Let be a relation
R(NameFile, Size, Directory, DateCreation,HourCreation,Login,AutAccess,DateAccess,TypeAccesF={NF,D→S; NF, D →DC; NF, D→HC; L,NF,D→A; L,NF,D,DA,HA→TA; }Part of the instances are given in the following array:
1. What are the minimal keys of R? Why?
2. In which normal type is R? Why?
I only know that:
- a key is minimal when every attributes that appears in no functional
dependency is in every minimal keys - Every attributes that appears only on the left of the FD is in every
keys. - Every attributes that appears only on the right of the DF isn't in
any key.
Therefore we should have K1={NF,R,L,DA,HA} as the only minimal key.
What type of Normal Form is relation R?
I know that
- something is 1NF if forall attributes of R, there is an atomic
value
Therefore, it is at least 1NF,
-
something is 2NF iif:
- The scheme is at least 1NF
- Forall An attribute, not in any key, A doesn't depends to part of the key. that is to say not in any functional dependency.
-
A scheme of relation R is 3NF iif
- The scheme is 2NF
- Not exists a transitive functional dependency
But I don't know what to do from there… I don't even understand the two last definitions
Best Answer
The only candidate key of your relation is {D DA HA L NF} (perhaps with R you mean D?)

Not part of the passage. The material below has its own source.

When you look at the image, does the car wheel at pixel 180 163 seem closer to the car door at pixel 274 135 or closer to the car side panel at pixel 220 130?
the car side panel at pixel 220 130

You can verify this by calculating the closure of those attributes, {D DA HA L NF}+, and seeing that it contains all the attributes, while, if you remove any one of them, the closure of the remaining set does not contains all the attributes (this is the definition of a candidate key).
The relation is only in first normal form, since the second normal form requires the absence of partial dependencies, that is of dependencies in which non-prime attributes (i.e. attributes not belonging to any key) depends only on part of a key. In this case only the last functional dependency is not partial.